* [PROBLEM STATEMENT] Exactly reproduce the lines from the one containing "Educational Visits UK" through the last line of the data, both ends included, leaving out pictures.

* [MATERIAL PROVIDED]
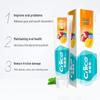 NICE Fresh Fruit & Cool Ice Chrysanthemum Toothpaste Set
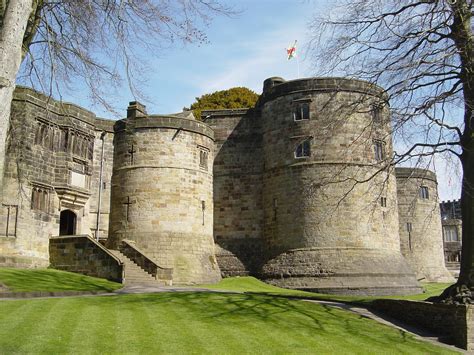 Educational Visits UK - Skipton-Castle | What To Do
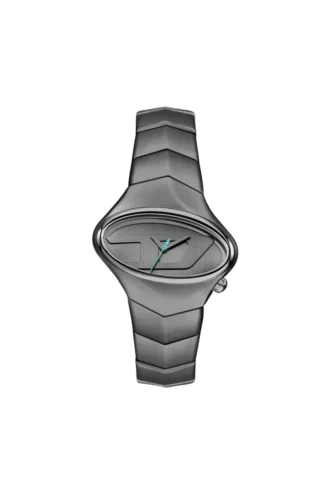 dz2229 watch D-Rush gunmetal Stainless steel watch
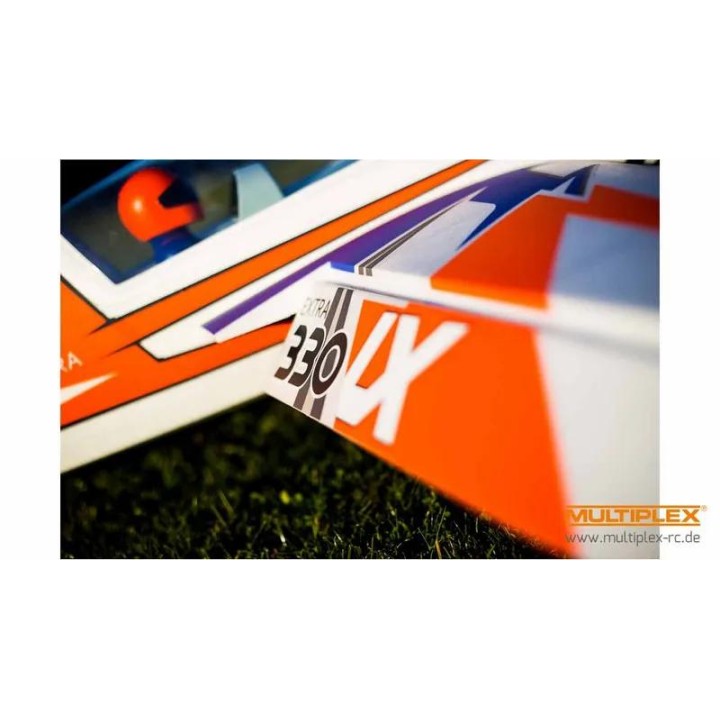 MODEL - MPX box - Extra 330LX - RR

* [SOLUTION]
 Educational Visits UK - Skipton-Castle | What To Do
 dz2229 watch D-Rush gunmetal Stainless steel watch
 MODEL - MPX box - Extra 330LX - RR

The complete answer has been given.